- **Problem**
Leaving out all pictures, return exactly the lines from the one that contains "Figure From Reconstruction" through the end of the data below.

- **Material provided**
• • • • •
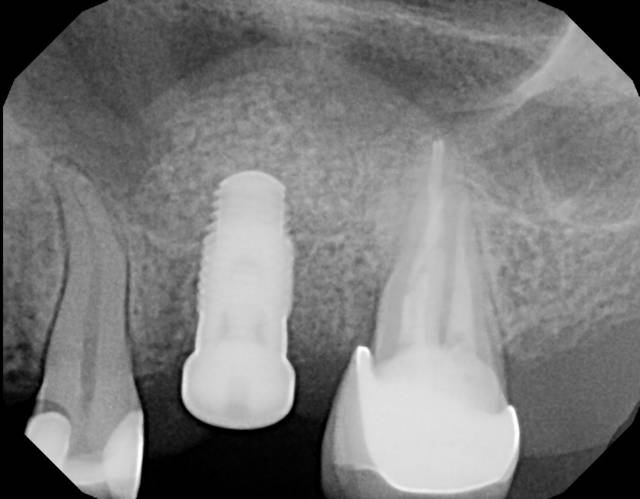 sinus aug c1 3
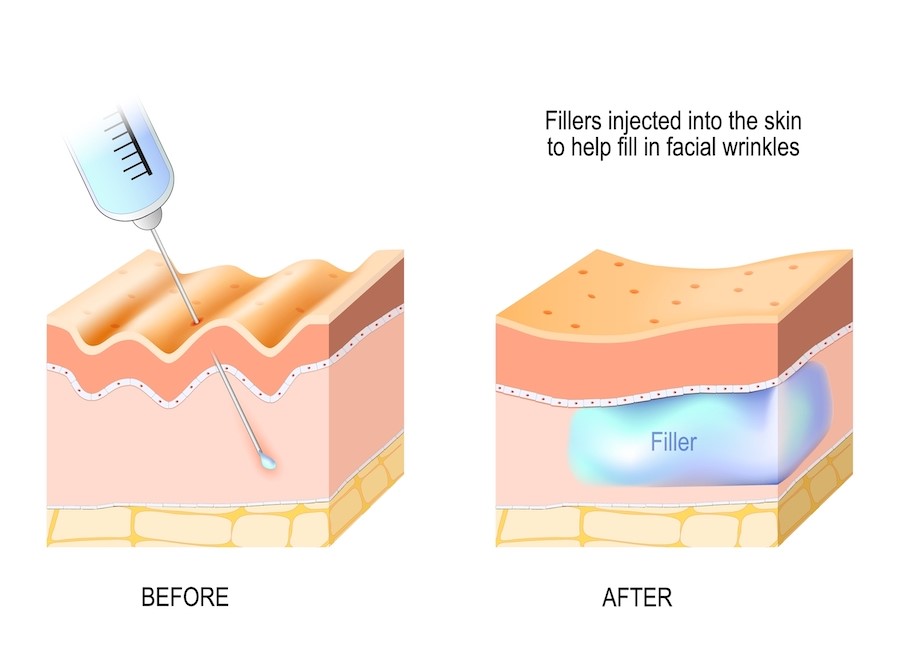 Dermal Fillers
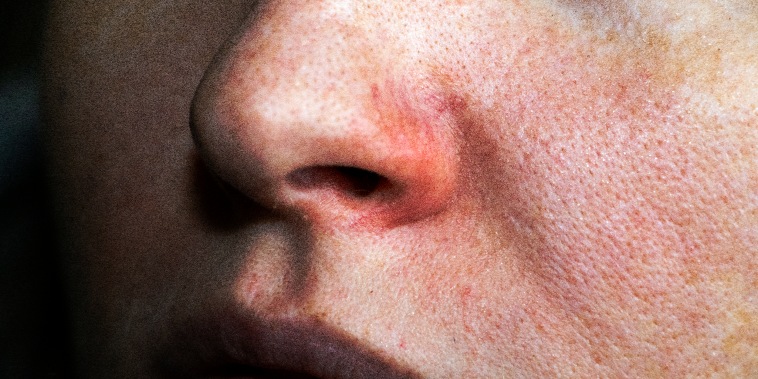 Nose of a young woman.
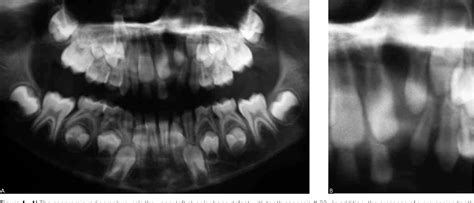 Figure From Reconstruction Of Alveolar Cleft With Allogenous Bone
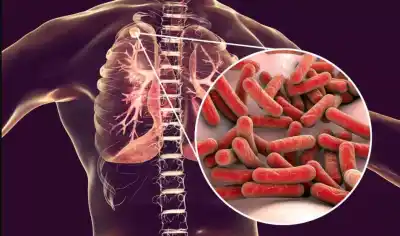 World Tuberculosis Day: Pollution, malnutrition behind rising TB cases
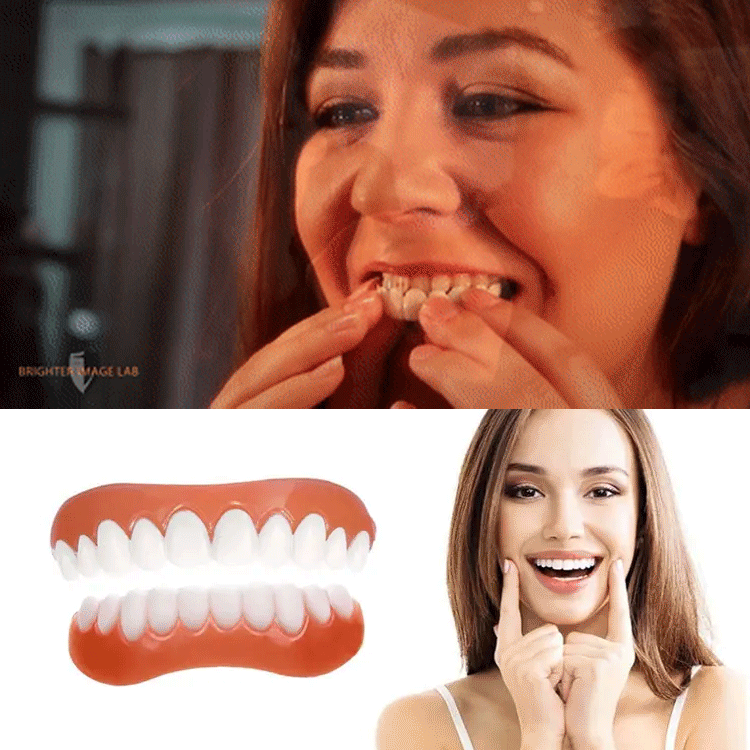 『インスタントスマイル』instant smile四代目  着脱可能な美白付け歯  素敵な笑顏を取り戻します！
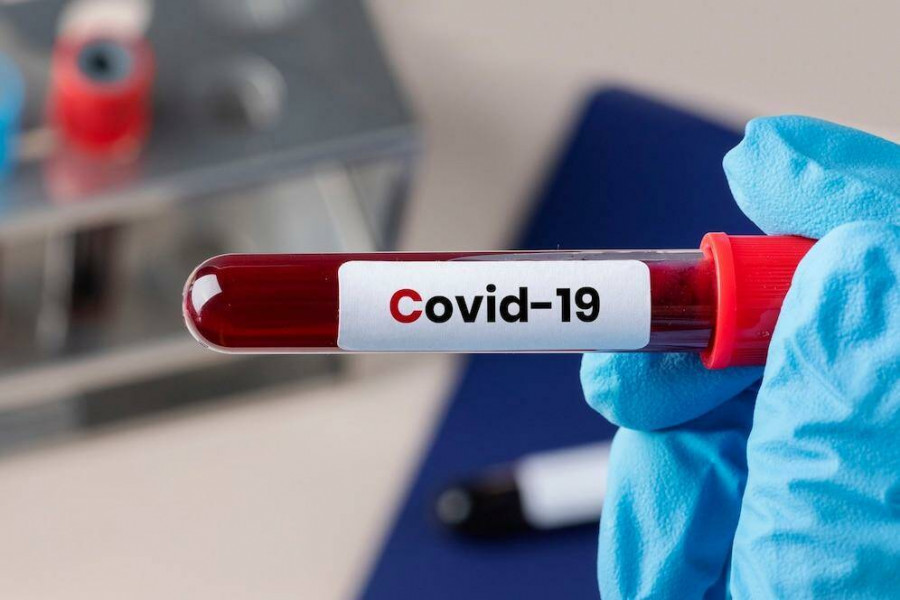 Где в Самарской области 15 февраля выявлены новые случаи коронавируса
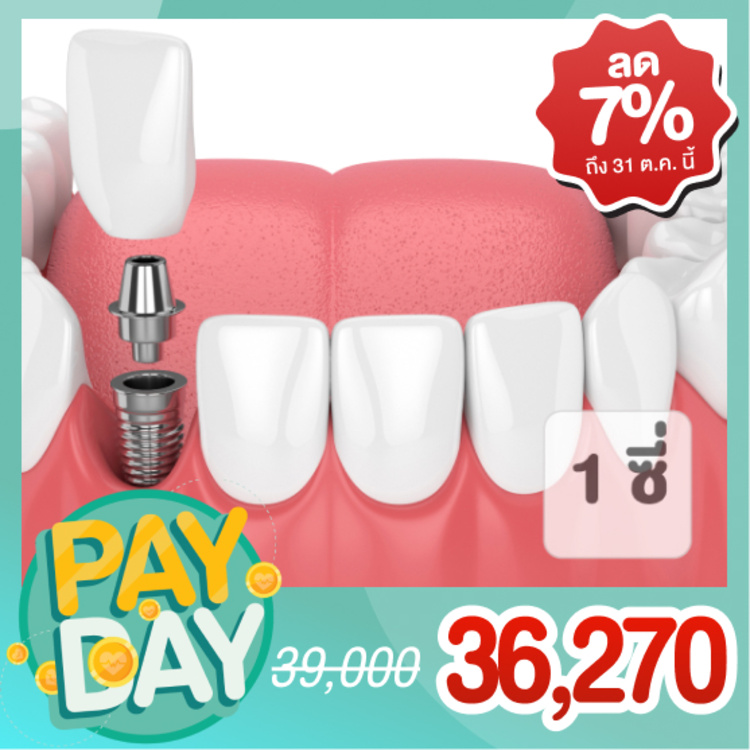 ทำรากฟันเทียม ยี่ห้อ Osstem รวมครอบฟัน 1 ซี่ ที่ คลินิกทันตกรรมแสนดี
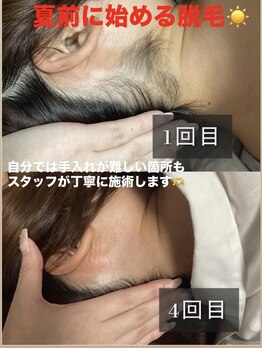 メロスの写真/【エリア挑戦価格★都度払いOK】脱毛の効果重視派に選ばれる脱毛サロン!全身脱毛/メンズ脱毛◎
• • • • •
- **Answer area**
 Figure From Reconstruction Of Alveolar Cleft With Allogenous Bone
 World Tuberculosis Day: Pollution, malnutrition behind rising TB cases
 『インスタントスマイル』instant smile四代目  着脱可能な美白付け歯  素敵な笑顏を取り戻します！
 Где в Самарской области 15 февраля выявлены новые случаи коронавируса
 ทำรากฟันเทียม ยี่ห้อ Osstem รวมครอบฟัน 1 ซี่ ที่ คลินิกทันตกรรมแสนดี
 メロスの写真/【エリア挑戦価格★都度払いOK】脱毛の効果重視派に選ばれる脱毛サロン!全身脱毛/メンズ脱毛◎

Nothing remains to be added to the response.